Top of Task input
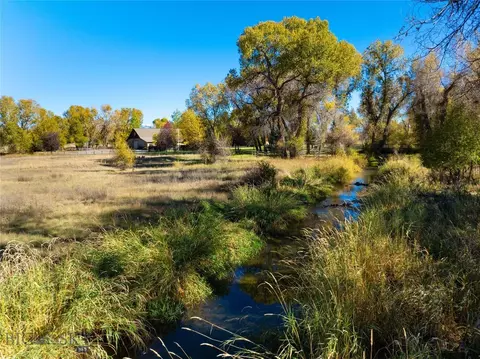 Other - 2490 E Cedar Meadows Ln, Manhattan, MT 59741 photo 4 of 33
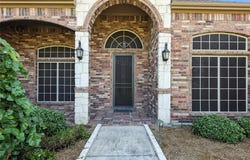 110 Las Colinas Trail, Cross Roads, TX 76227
Bottom of Task input
Top of Task input
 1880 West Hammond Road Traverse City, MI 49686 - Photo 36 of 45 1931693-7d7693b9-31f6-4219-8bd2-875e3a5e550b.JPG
Bottom of Task input
Top of Task input
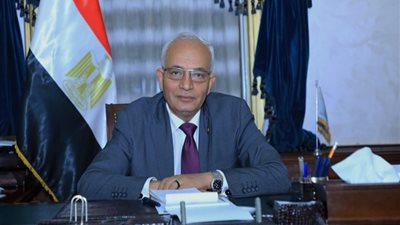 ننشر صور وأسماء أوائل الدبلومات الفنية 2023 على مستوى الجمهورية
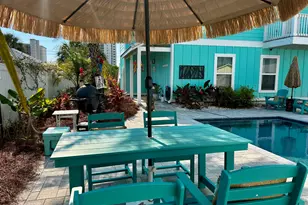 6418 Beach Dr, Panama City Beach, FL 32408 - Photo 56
Bottom of Task input
Assignment: Because only one stretch of the records is wanted, please output the lines from the one holding "Other - 2490" through the one holding "110 Las Colinas Trail, Cross Roads, TX 76227" exactly, both included, and leave every picture out.

Completed exercise:
 Other - 2490 E Cedar Meadows Ln, Manhattan, MT 59741 photo 4 of 33
 110 Las Colinas Trail, Cross Roads, TX 76227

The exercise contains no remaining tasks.